The Two Categories of Cybersecurity Breaches
1. Personal Attacks
These are direct strikes on individuals, phishing for money, blackmail, image manipulation, or scams designed to inflict harm or extract gain. For most of us, this is the scariest version of a cyberattack: the idea that someone online wants to personally target us.
2. Organizational Attacks
These are the headline makers. Enterprises spend millions on tools, training, and layers of security, yet still fall victim. Afterward, the blame game begins: CISOs pointing to external failures, vendors, or “unforeseen” vulnerabilities. But customers only see one thing- The lost trust.
Breaking Down Organizational Breaches
Not all enterprise breaches are of the same kind. In fact, they can be categorized into four distinct groups:

1. Your Organization Is Breached
The worst-case scenario: attackers compromise your own systems.
Impact: Massive costs, regulatory fines, customer churn, and even complete operational disruption.
Examples:
- AT&T (2024) – 73M customers’ data stolen
- Ticketmaster (2024) – 560M customer records leaked
- TransUnion (2025) – 4.4M records exposed
2. Your Vendor Is Breached
When attackers compromise your trusted partner, they also expose your data.
Impact: Employee data leaks, phishing risk, and potential supply chain paralysis.
Examples:
- Change Healthcare (2024) – Ransomware exposed 190M healthcare records
- Snowflake (2024) – Over 100 customers hit via stolen credentials
- Workday/Salesforce Wave – Ransomware stole information.
3. A Related Third-Party Is Breached
Employees often use personal apps unrelated to work, but attackers can connect the dots.
Impact: More convincing phishing, credential stuffing, and indirect access to corporate systems.
Examples:
- Dell (2025) – 1.3TB of files leaked and weaponized
- Qantas (2025) – customer data exposed via a third party platform
4. An Unrelated Party Is Breached
Sometimes the weakest link is nowhere near you, but its ripple effects land at your door.
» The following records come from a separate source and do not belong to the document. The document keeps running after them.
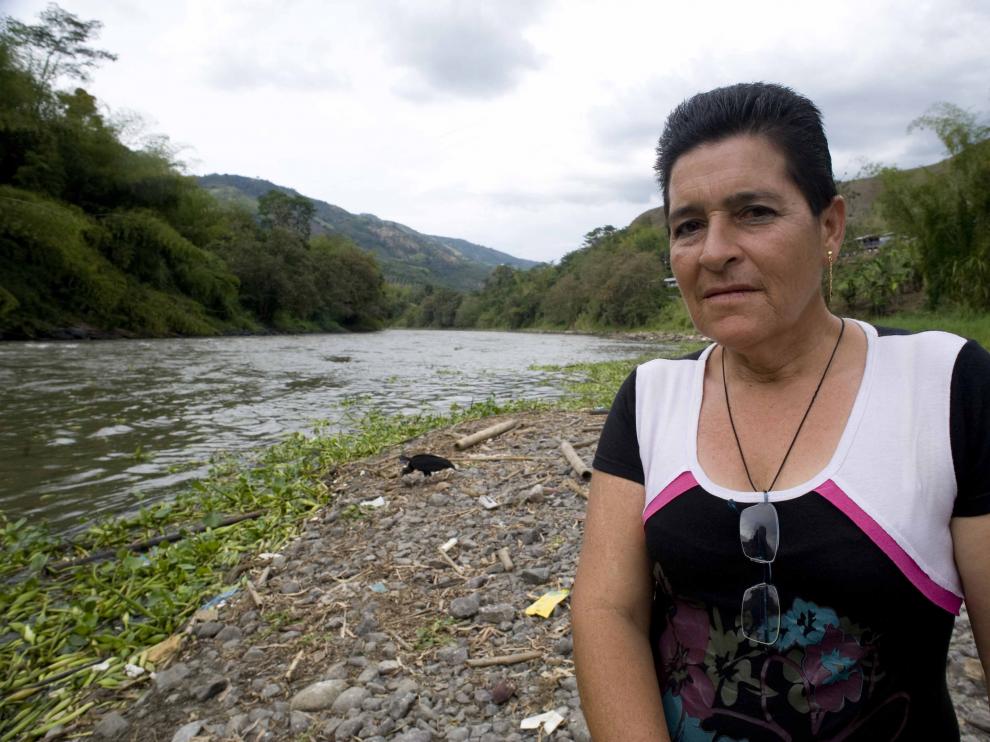 Inés Mejia en el río Cauca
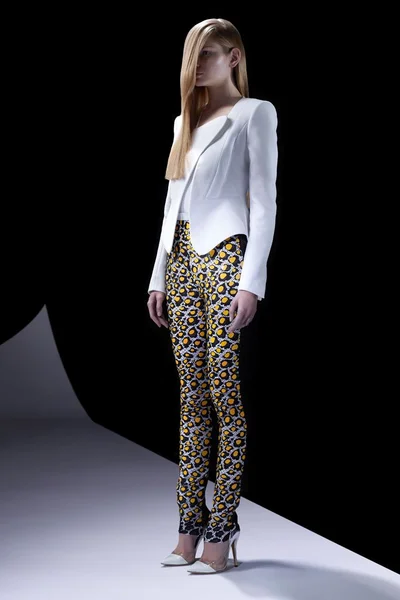 Look 10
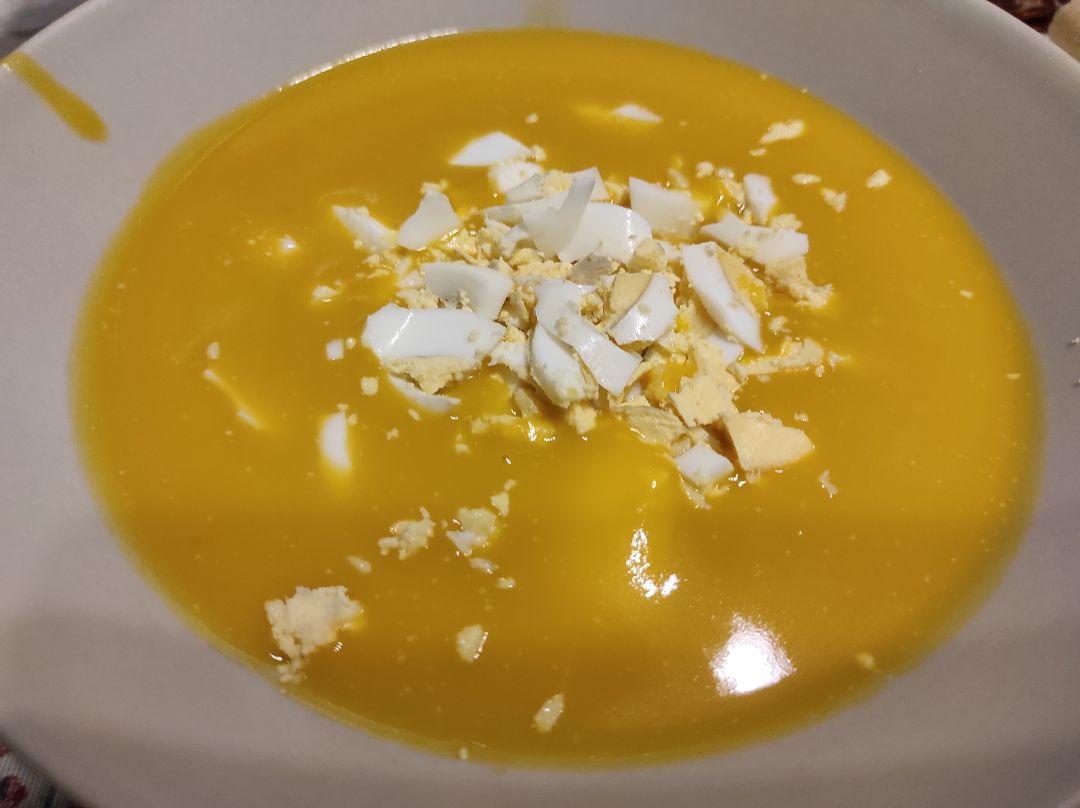 Crema calabaza con huevo duro Crema calabaza con huevo duro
Impact: Indirect supply chain risks, compromised services, or shared data exposure.
Examples:
- MOVEit (2024) – fallout of the 2023 breach impacted 2,600 companies
- Cleo Communications (2024) – exploited flaws hit brands like Kellogg’s
Why This Matters
Cybersecurity is not about finding the next scapegoat. It’s about recognizing how interconnected our systems have become. Breaches may not always be your fault, but they will always be your problem.